# Creating a culture in a fantasy world, any experience?



## Zeitzbach (Nov 26, 2014)

The hardest part in creating characters that I am experiencing so far is to make each race as unique as possible. Just throwing random characters into a setting isn't really fun especially in a fantasy world. Racism exists even in a world of mythical dragon, fairies and anthro. There are races that prefer to live on tree, land or sea. Humans normally try to conquer everything because of how fast they reproduce or because of how simple and generic they are that they have to have strenght in number. etc etc.

But what exactly caused those to happen? What caused them to fight? Why do they live in that certain location? Why do they dress this way? Why do they act like this? The only way you can really answer those in detail is that you can come up with the history and culture for those races.

Languages
Clothings
Way of life
And many other more.

Without those, the stories end up feeling like it's just another one of those "Sitcom with different characters with different personality" kind. Why are the reptile and canine character behaving exactly the same way?

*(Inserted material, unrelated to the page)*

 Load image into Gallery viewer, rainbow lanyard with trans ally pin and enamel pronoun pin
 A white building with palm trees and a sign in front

Why do they talk to the humans and understand all their jokes like it's nothing? It doesn't feel big. It doesn't feel like there's an actual setting there. In a fantasy novel, this is completely unacceptable to me. Character development may be great and all but if it doesn't even feel "fantasy" then I can just replace all my cast with a random human using the same personalities and it will be exactly the same thing.

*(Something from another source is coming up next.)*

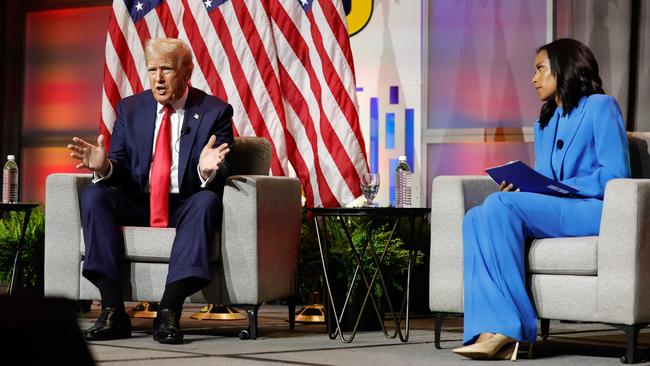 Former US President and 2024 Republican presidential nominee Donald Trump answers questions as moderator and journalist Rachel Scott (R) looks on during the National Association of Black Journalists annual convention in Chicago, Illinois.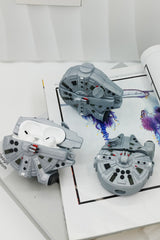 3D grey silicone earbud case shaped like a classic sci-fi spaceship freighter with detailed mechanical paneling.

I'm pretty sure a bunch of you have experiences with creating stuffs like original languages or very detailed races and can share their experiences on this so I can get some ideas on stuffs I'm working on. Been adding stuffs over the year as I write to many races I create for my fic such as trying to add varieties to the clothing motif (refering to their environment while factoring in past trading and influences so designs between characters aren't too similiar) and holy hell, creating one or two more languages and pattern to further divide the beasts, fairies and humans is such a pain in the ass. I can't have a scene where only couple of people in the party are capable of reading some inscription off the wall because it is of their language until I get that done.


----------



## RedSavage (Nov 26, 2014)

Honestly I kind of take from the cultures of real life and bend them to suit my purposes. Or I'll pick and choose from different cultures and make something seemingly new and fresh. Like if I had a species that was nomadic, cold hardened, stone faced, and somewhat crazy, I'd have something between stereotypical Russian and a Gypsy. Doesn't matter if it's really accurate ways to take from each side, but it's something new. This new blend would not be so conniving and colorful as gypsies, taking from Russian seriousness, but they also wouldn't have the 'motherland' sense of loyalty. They'd be very much for themselves. 

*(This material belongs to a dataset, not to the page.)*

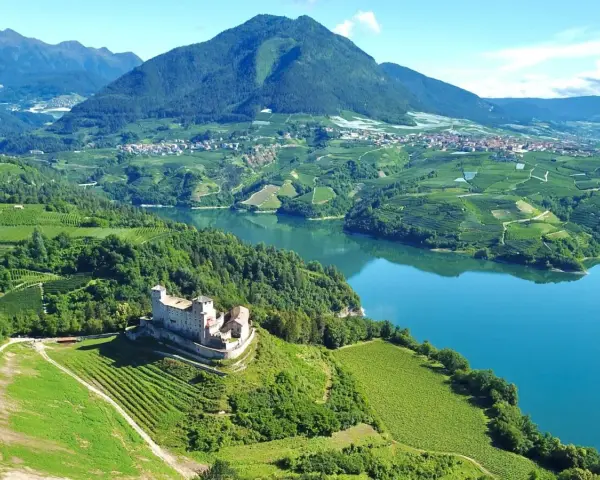 Castello medievale su una collina verdeggiante, con vigneti a terrazze e un lago azzurro nel **Val di Non**.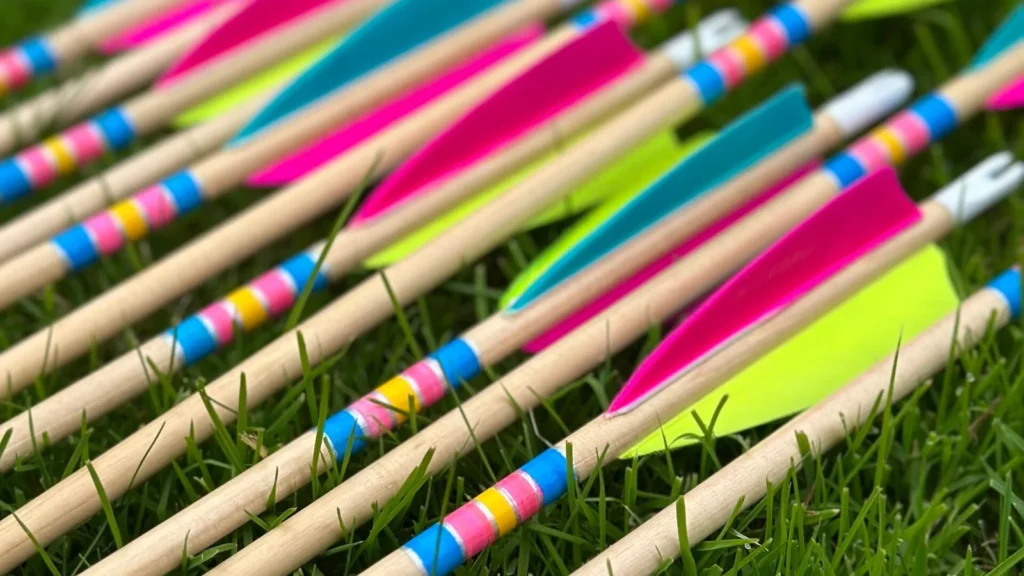 Finished wooden arrows with brightly coloured fletchings laid on grass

Bam. Unique species culture. This is where being globally in touch with many different cultures (no matter how slight or inaccurate) really comes in handy.


----------



## Zeitzbach (Nov 26, 2014)

RedSavage said:


> Honestly I kind of take from the cultures of real life and bend them to suit my purposes. Or I'll pick and choose from different cultures and make something seemingly new and fresh. Like if I had a species that was nomadic, cold hardened, stone faced, and somewhat crazy, I'd have something between stereotypical Russian and a Gypsy. Doesn't matter if it's really accurate ways to take from each side, but it's something new. This new blend would not be so conniving and colorful as gypsies, taking from Russian seriousness, but they also wouldn't have the 'motherland' sense of loyalty. They'd be very much for themselves.
> 
> Bam. Unique species culture. This is where being globally in touch with many different cultures (no matter how slight or inaccurate) really comes in handy.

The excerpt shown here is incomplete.